Cuando el metro huele a reflex.
Una mañana de competición siempre amanece más brillante, incluso si el cielo está encapotado. Quizá sea yo. Sí, es posible, porque lo miro todo con otros ojos. Inquieta, me despierto antes de que suene el despertador y lo miro con insistencia por si se ha quedado parado y no me he despertado a tiempo. Ese es mi gran temor, porque soy una gran dormilona. Pero no. Ha habido suerte y dispongo de un tiempo extra para remolonear en la cama pensando en el recorrido y en lo que voy a disfrutar. Cuando al fin suena, me pilla en ese estado entre la vigilia y el sueño donde todo es posible, y me molesta su zumbido.
- ¡zzz! ¡no, un poquito más!- le digo en pensamiento desde mi letargo --¡zzz!¡carrera!
Y me levanto al punto, feliz relajada, y ¡dormida!, menos mal que dejo todo preparado la noche anterior (ya me conozco) y sólo tengo que ir recorriendo los puntos 1,2,3,4,5, puerta de la calle. Como por arte de magia, cuando veo la ropa de running, preparada, esperándome, lanzándome un guiño pícaro desde esa paciencia desmayada que sólo la ropa sabe tener, una sonrisa se dibuja en mi cara y me despejo totalmente. Un último vistazo al espejo antes de salir y listo. Camino al metro, siento esa especie de vértigo, como cuando vas a encontrarte con alguien que quieres y, me sonrío, otra vez sentiré el agotamiento total, el cambiante olor del viento al darme en la cara, el soniquete de mis zapas chocando con el asfalto, y la compañía de miles de personas que sienten a la par, igual y distinto a mi.
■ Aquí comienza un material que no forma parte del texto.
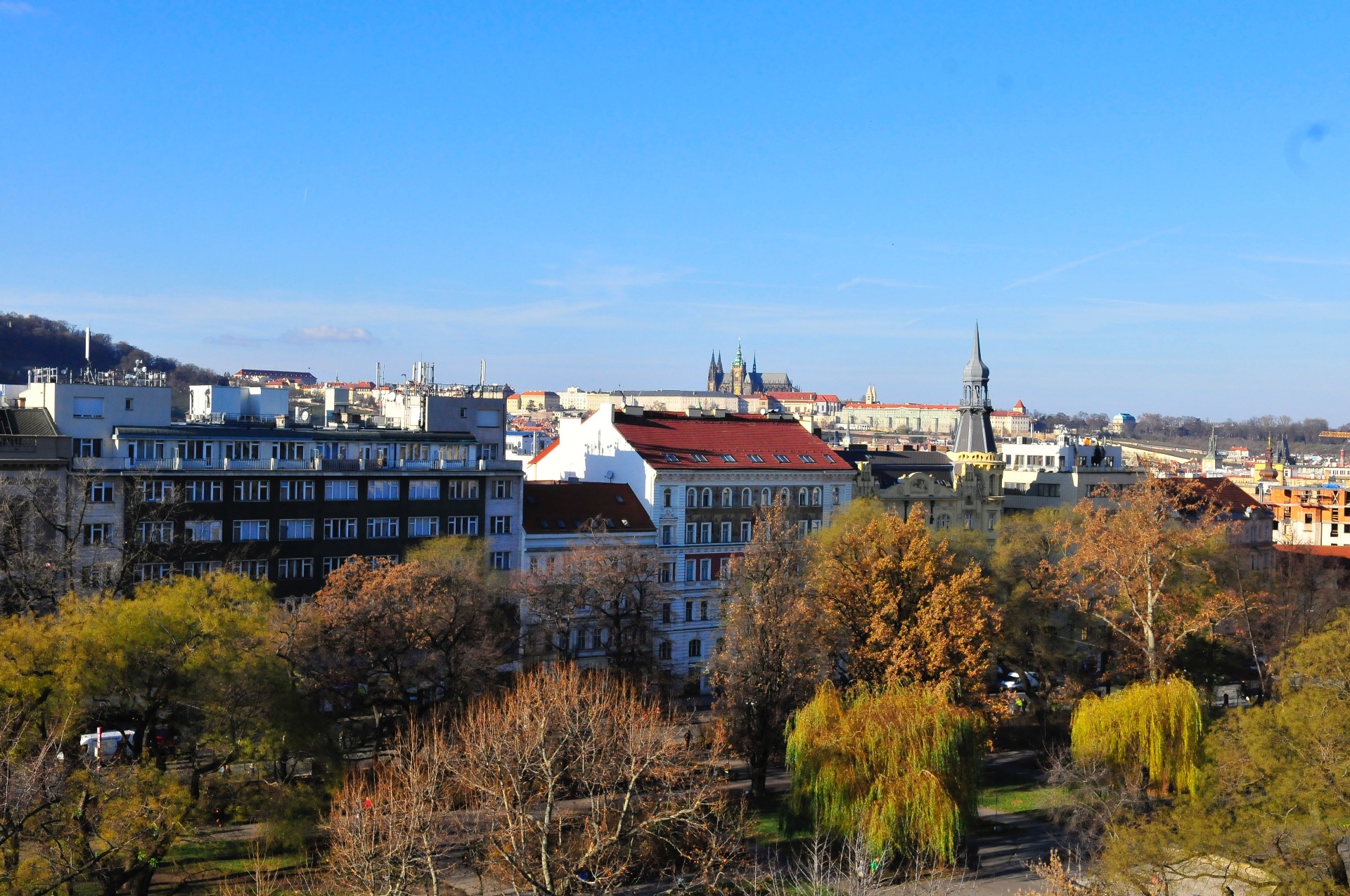 View from the window of the Writers' Residence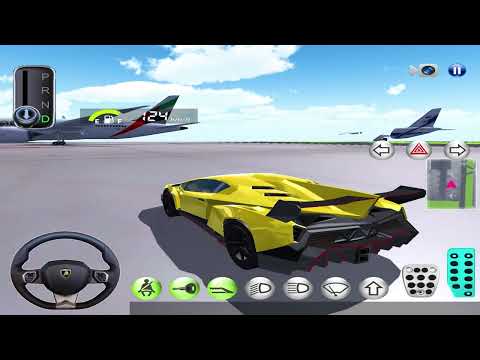 3D Driving Class Simulation - Funny Police Refuel [ Ep18] His Super Car Gas Crazy Driving Gameplay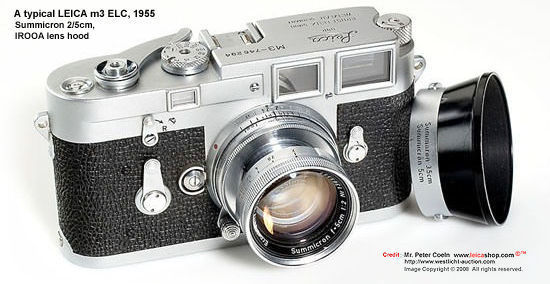 Early versions of Leica M3 double strokes Models with sequential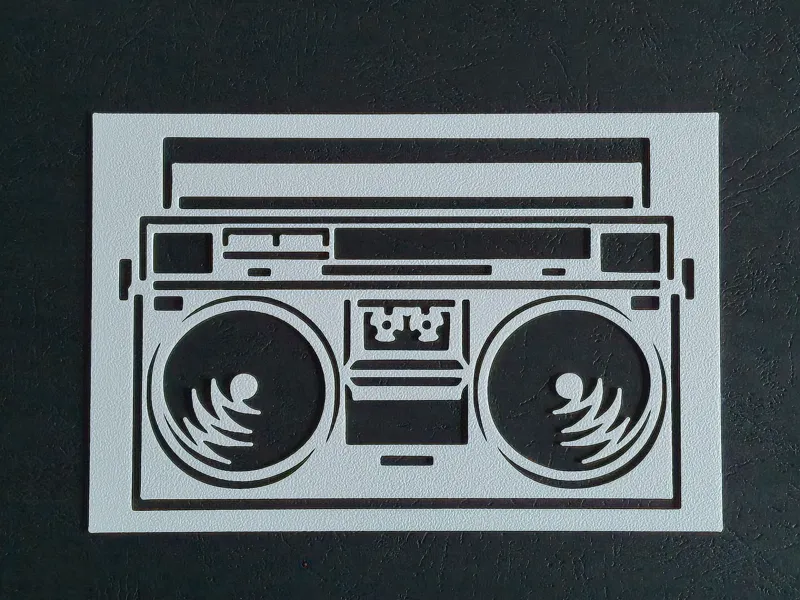 stencil stereo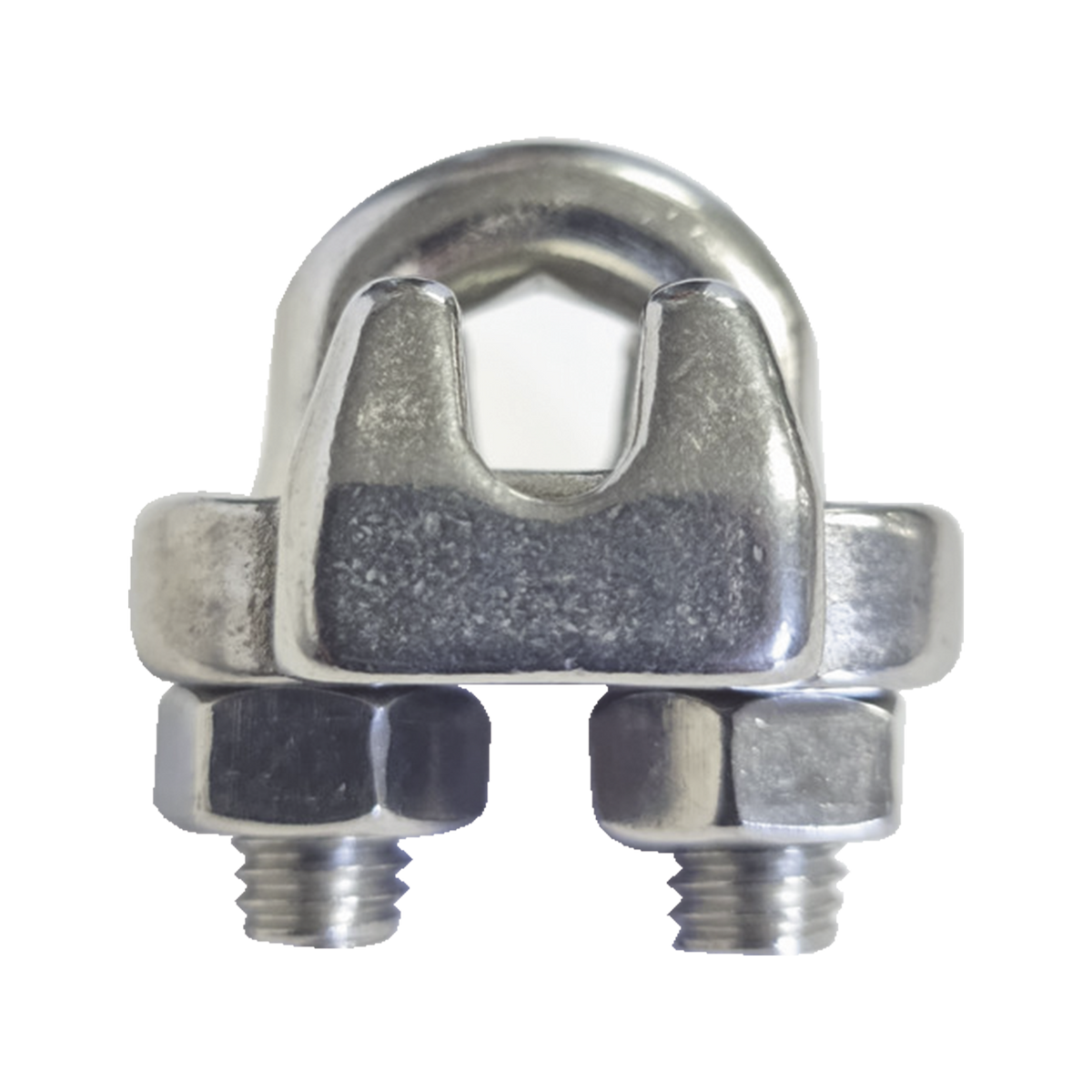 Nudo/ Perro/ Abrazadera Acero Forjado para Cable de 1/8", Acero Inoxidable.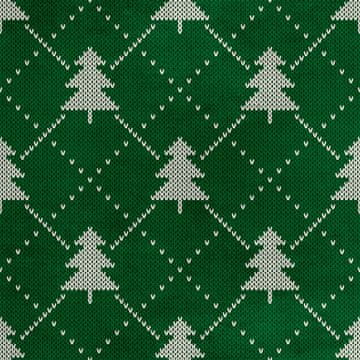 Royal Samt Stoff Polyester Zum Nähen - Motiv weiße Weihnachtsbäume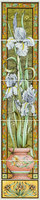 Blue Iris 5-tile set on Brilliant White, 152 x 152 x 7 per tile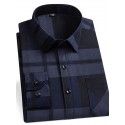 Men's Plaid / Striped / Chevron / Round Quincea帽era & Sweet Sixteen Corporate Clothing Light Yellow Black Red Blue Long Sleeve Turndown All Seasons Clothing Apparel Buckle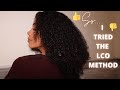 So... I Tried The LCO Method For The First Time, And... | LCO Method On Dense, Low Porosity Hair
En un metro repleto a tan temprana hora dominical, todo el mundo mira mi atuendo, unos con extrañeza, otros me hacen un guiño cómplice, mientras yo sigo en mi burbuja de colorines. Al hacer el último transbordo, coincidimos montones de corredores vestidos de igual manera, nos miramos con una especie de incredulidad y complicidad: por un lado se pierde ese magia de creernos únicos, diferentes, especiales, pero a la vez contentos de sentirnos como si fuéramos componentes de una extraña secta, que sólo entre iguales podemos entender. El aire de los vagones huele a réflex, y ese olor que nos une y nos embriaga, nos va indicando la senda a seguir, del mismo modo ancestral que los animales saben seguir el rastro de sus congéneres. Vamos por los pasillos apresuradamente, más por esa adrenalina que ya nos corre por las venas y que está pugnando por lanzarse a tope, que porque lleguemos tarde.
Hay tiempo de sobra para calentar, para colocarnos en posición, hasta oir el pistoletazo de salida y lanzarnos por esas calles que están esperando ser horadadas por cientos de zapas que, de repente, sienten que el tiempo es una medida elástica y quieren reducirlo al mínimo.
El olor a réflex, parece incrementarse a medida que todos nos apiñamos bajo el arco de salida, y se confunde con otros no tan agradables. De pronto todo cambia. Hemos comenzado a correr.